In West Dorset no dogs are allowed on Lyme Regis’s main front beach between April 1 and October 31 and only on leads for rest of year. There are seasonal bans in place in the West Bay area and also at Burton Bradstock.
Not surprisingly the Kennel Club has a view on such dog bans – the organisation’s secretary, Caroline Kisko, said: “Beaches are always very popular with dog walkers, as they provide open spaces for dogs to be exercised off-lead, and it is a shame when local authorities deem it necessary to implement dog bans in these areas.
“These bans are often in response to issues that can easily be dealt with in a different, more proactive, way – such as ensuring that enough dog waste bins are provided, and that dog owners are educated in the need to pick up.

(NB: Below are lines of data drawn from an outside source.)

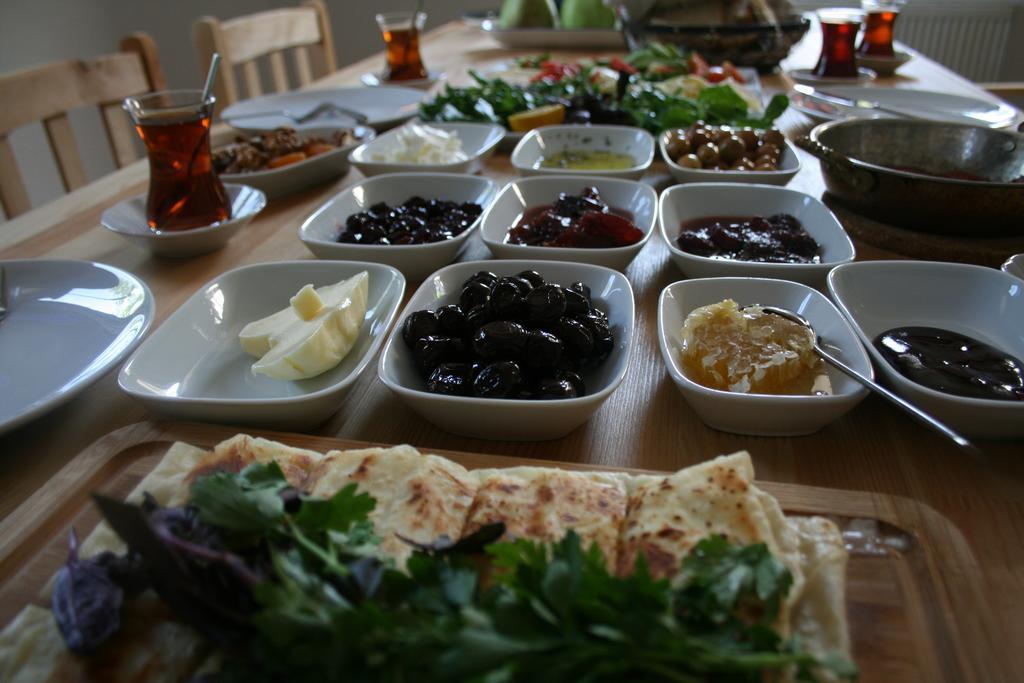Assos Bohemian Hotel מראה חיצוני תמונה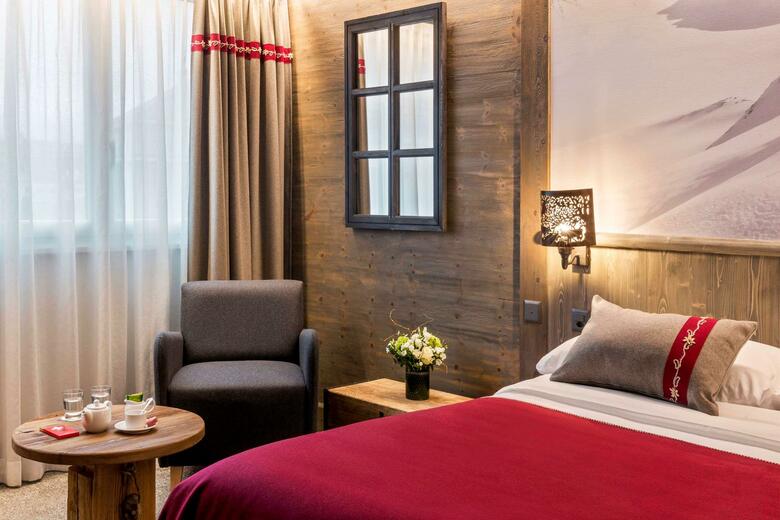Hotel Edelweiss Manotel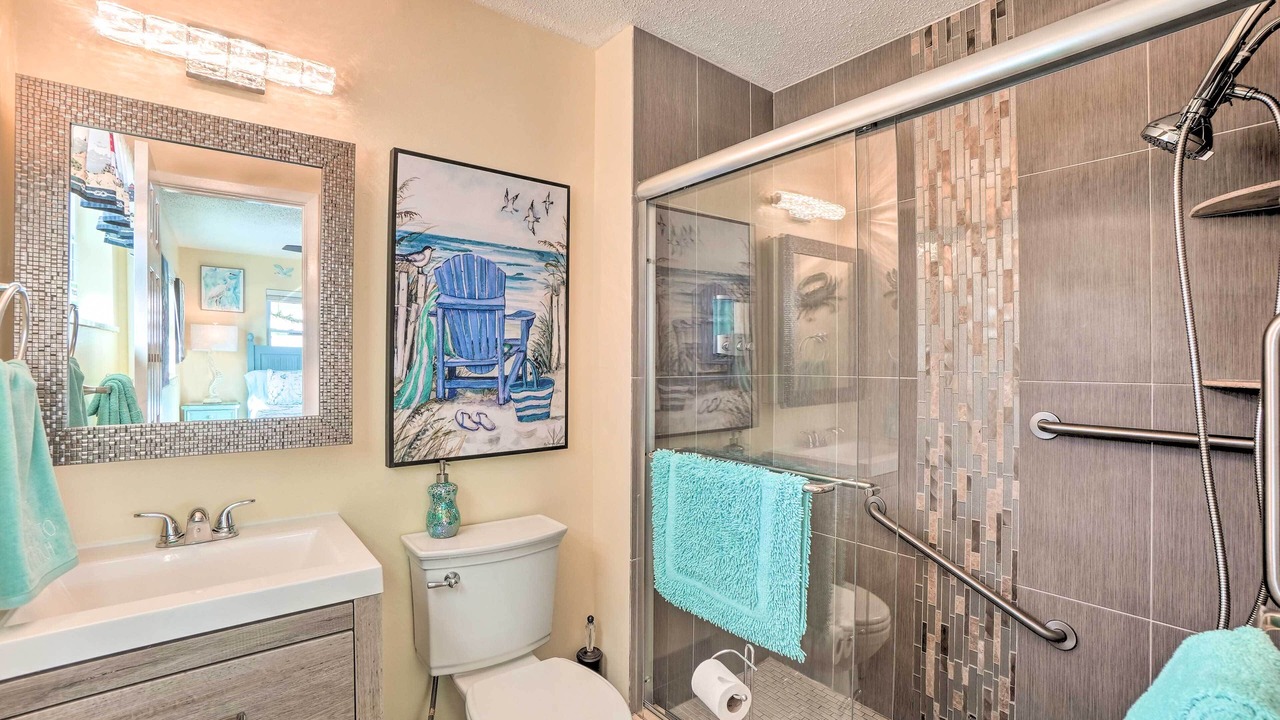 Photo of Bathroom in Downtown Dunedin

“The Kennel Club believes that dogs and their owners should be allowed to make use of Britain’s coast, so long as dogs are kept under effective control,” added Ms Kisko.
“Government statistics have shown that as many as 50 per cent of all walkers have dogs with them, which represents a huge proportion of society, making it important that this demographic have access to beaches.”
Mums and dads whose small children play in the sand may well disagree.
Despite the fact that Channel 4’s new series (which begins tonight at 8pm) shows how several featured dog-owners have been guilty of overfeeding their pets with treats, vet Mark Evans says he believes dog bans are taking their toll...
“I am convinced that lack of exercise is a major cause of the problem. In the past two years there has been a 25 per cent reduction in the number of British people who now exercise their dogs off the lead,” says Mr Evans.